= James Ellis Fleming =

James Ellis Fleming (fl. 1824–1832) was an Irish claimant to the title of 20th Baron Slane.

==Ancestry and claim==
Fleming was a resident of Tuam, County Galway, and claimed to be a direct descendant of Simon Fleming, 1st Baron Slane (died 1370) was the first Baron Slane.

Ellis Fleming claimed the title in succession to Christopher, 19th Baron Slane, who died in 1771, been a descendant of Christopher, 12th Baron Slane (died 1625), via his third son, John. Christopher had issue "Six sons, four of whom died without issue ... Thomas, his eldest son, embraced the profession of a friar, and renounced all his right in favour of his brother William."
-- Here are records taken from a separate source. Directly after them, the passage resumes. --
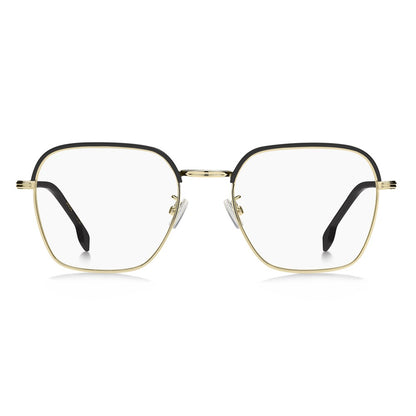 GAFAS DE VISTA HUGO BOSS BOSS 1742/F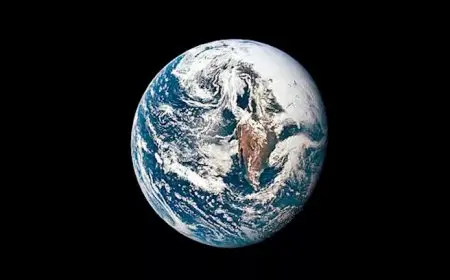 “غدًا من أقصر أيام التاريخ”.. وعلماء يحذرون: اليوم قد يصبح 22 ساعة فقط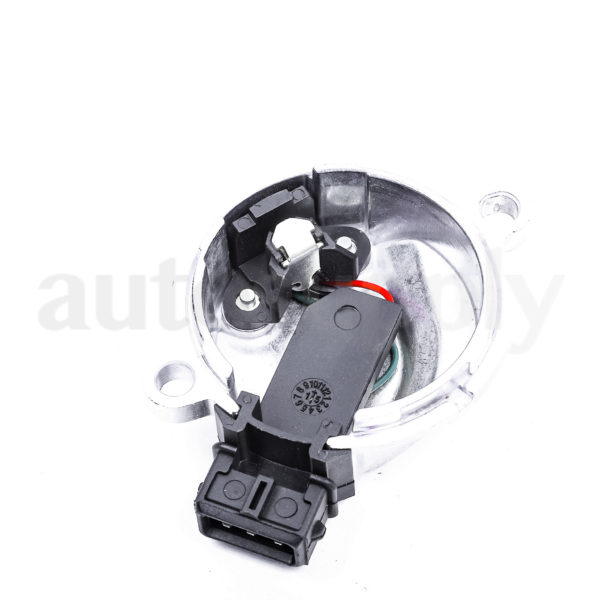 Audi 058905161B - Camshaft Position Sensor - Image 3
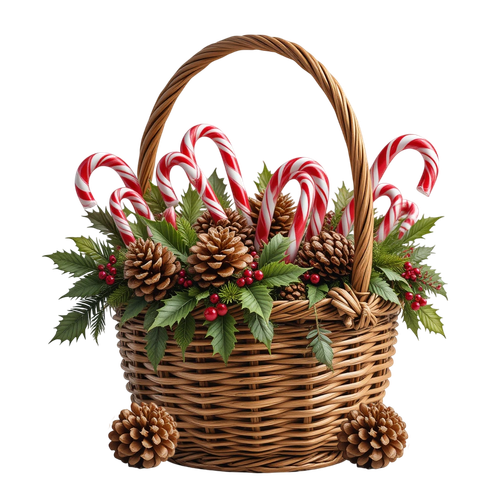 Heidi basket1.png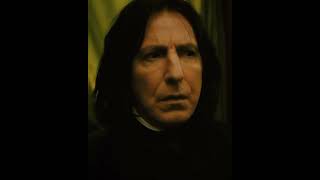 Cormac McLaggen vomit on Snape🤮 [upl. by Memory]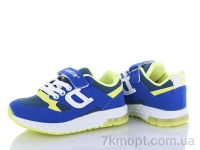Купить Кроссовки Кроссовки DeMur 634-02 Купить Кроссовки Кроссовки DeMur 634-02
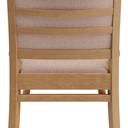 Abbildung stoel Mily Rückansicht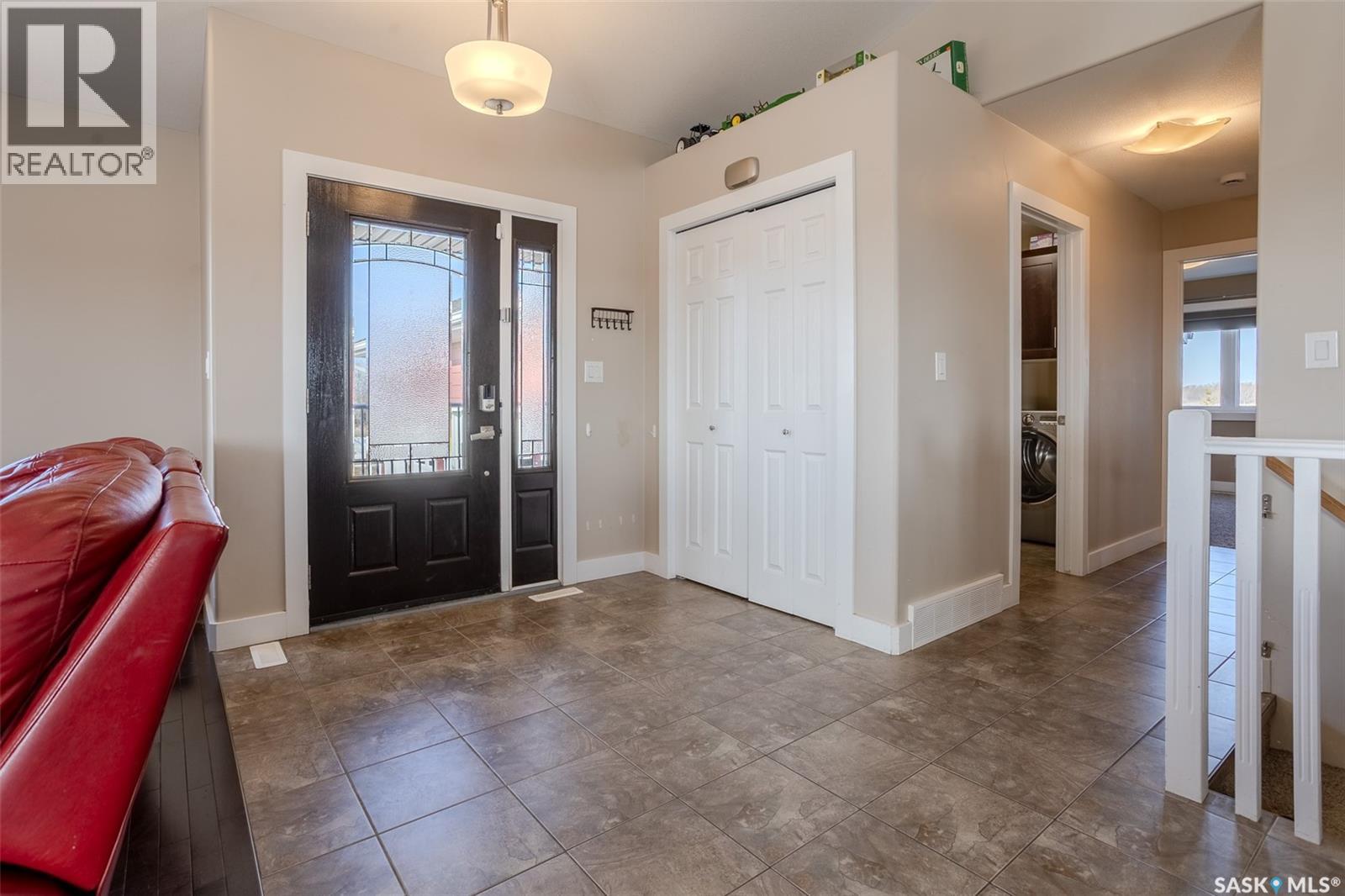 29 Elkwood Drive, Dundurn Rm No. 314, Saskatchewan  S7C 0C5 - Photo 5 - SK031245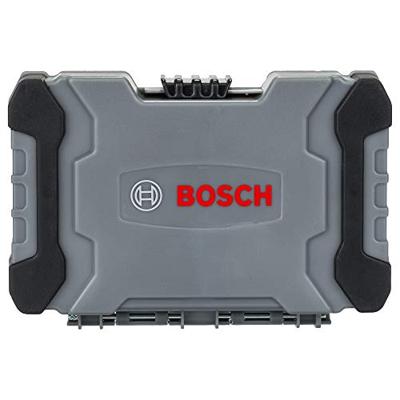 Bosch Accessories 2607017571 Bitset Bosch Accessories 2607017571 Bitset
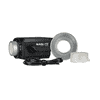 _0000_Nanlite-FS-200-2KIT-S-LS-006.jpg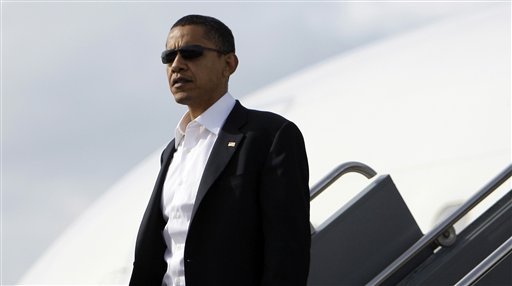 [Obama+sunglasses.bmp]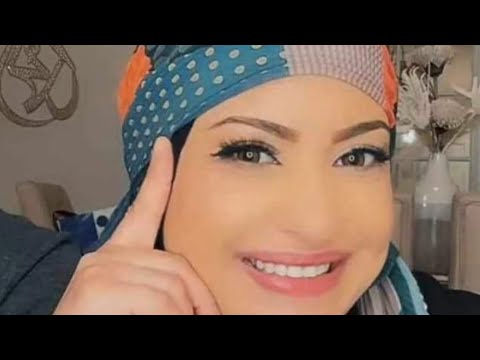 اغرب ذكريات قولنها واغرب لايف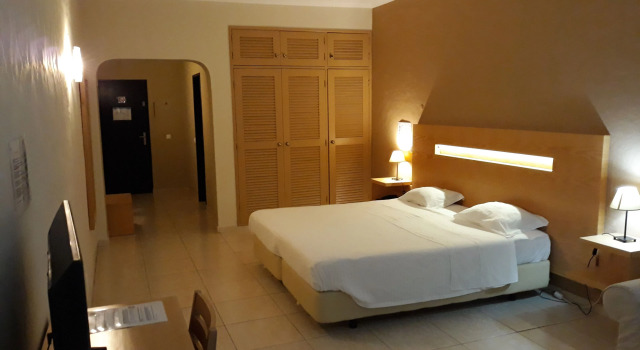 Vilamar, Boek Hotel Hotels in Albufeira met parkeren, Parkeren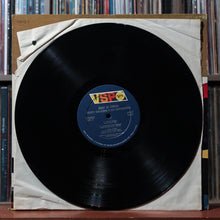 Load image into Gallery viewer, Dizzy Gillespie And His Orchestra - Night In Tunisia - 1960's VSP, VG/EX 4
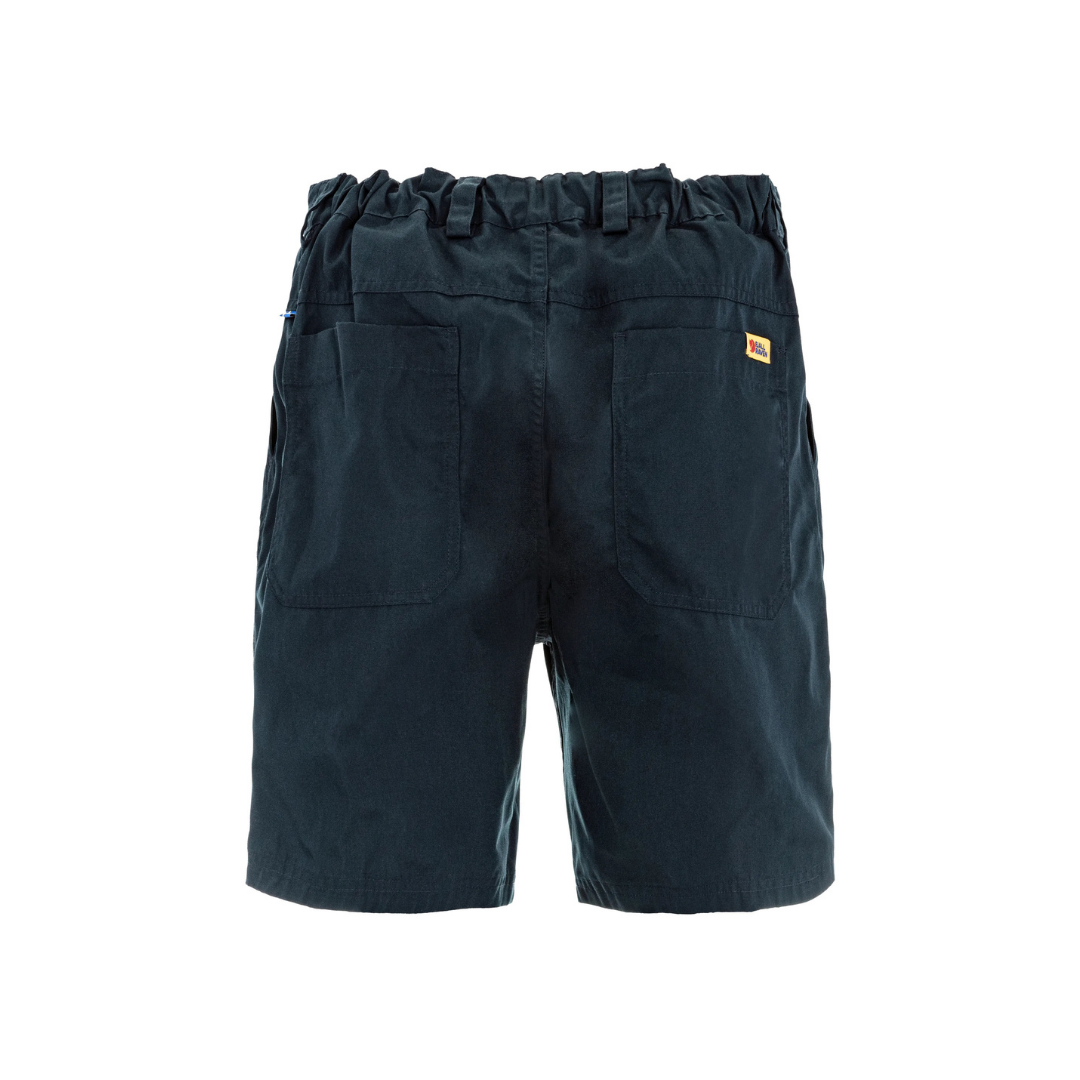 Vardag Relaxed Shorts M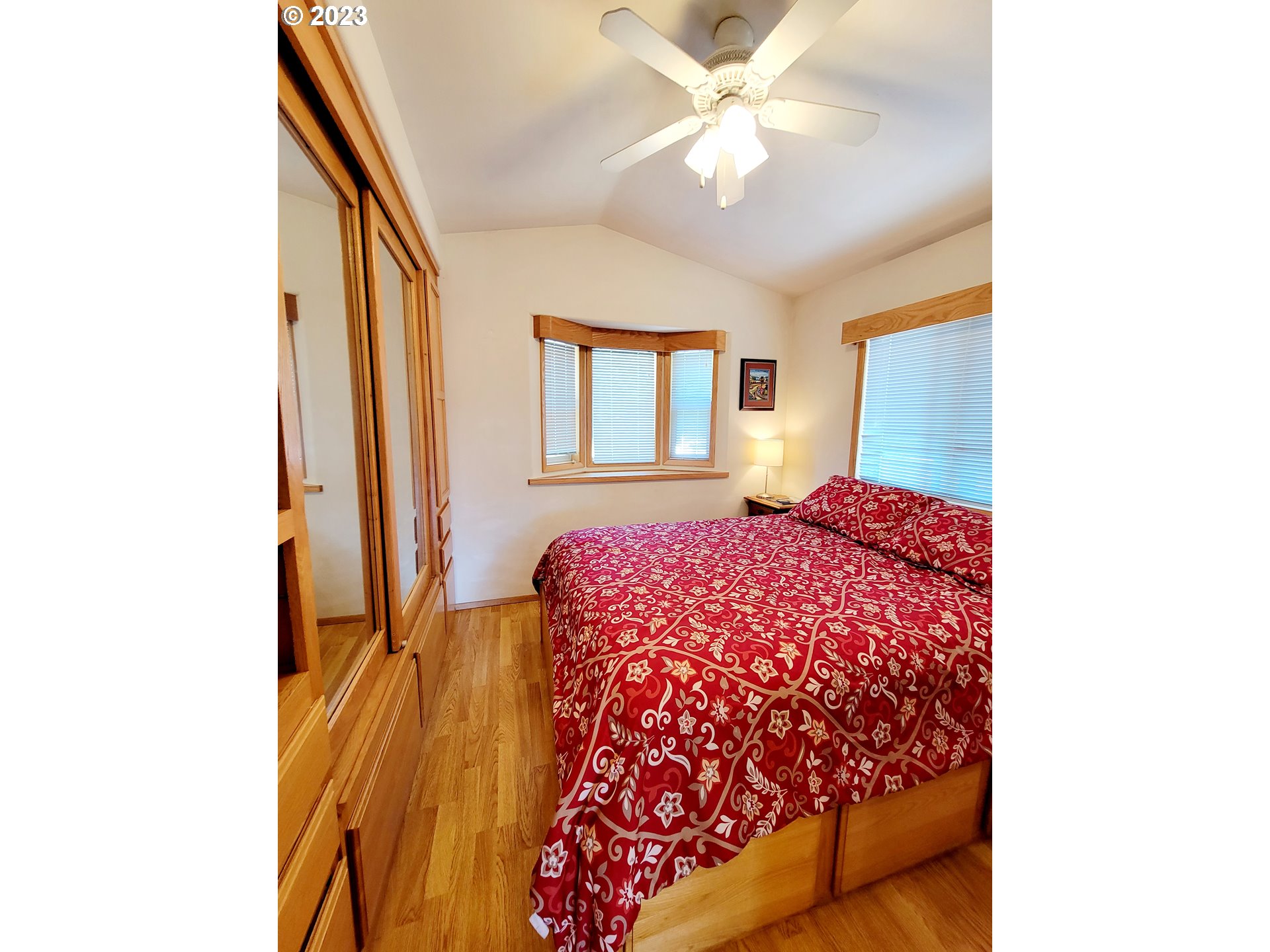 19921 Whaleshead Road, Unit T6 Brookings, OR 97415 - Photo 28 of 42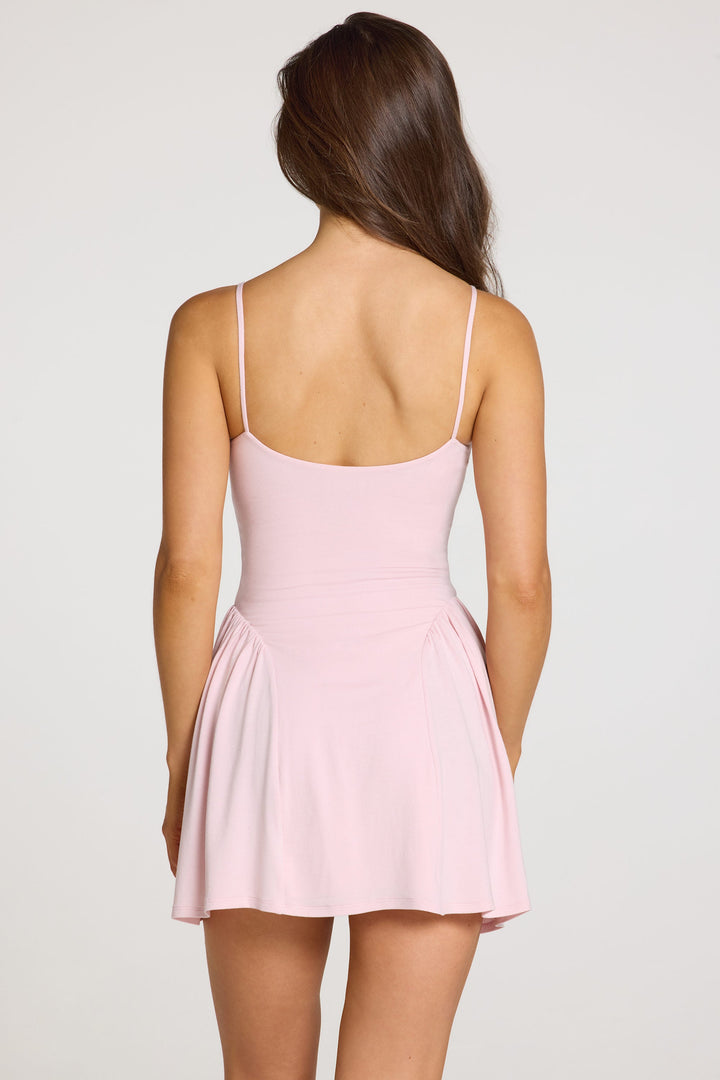 Vestido Delphine image 11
Thomas is listed as the 13th Baron but renounced it in favour of his brother in 1629. Thus, William Fleming became the 14th Baron Slane, dying in 1641. However, the 14th Baron's last direct male heir, Christopher, died in 1771, which opened the possibility that the descendants of John Fleming could accede to the title.

James Ellis Fleming activated his claim to the title in 1824. By that time, descendants of the last baron's female relatives had also issue claims. They were all listed in The Gentleman's Magazine January–June 1832. However, none of the claims succeeded as the title is, as of 2010, still dormant.

Ellis Fleming's ultimate fate is currently unknown.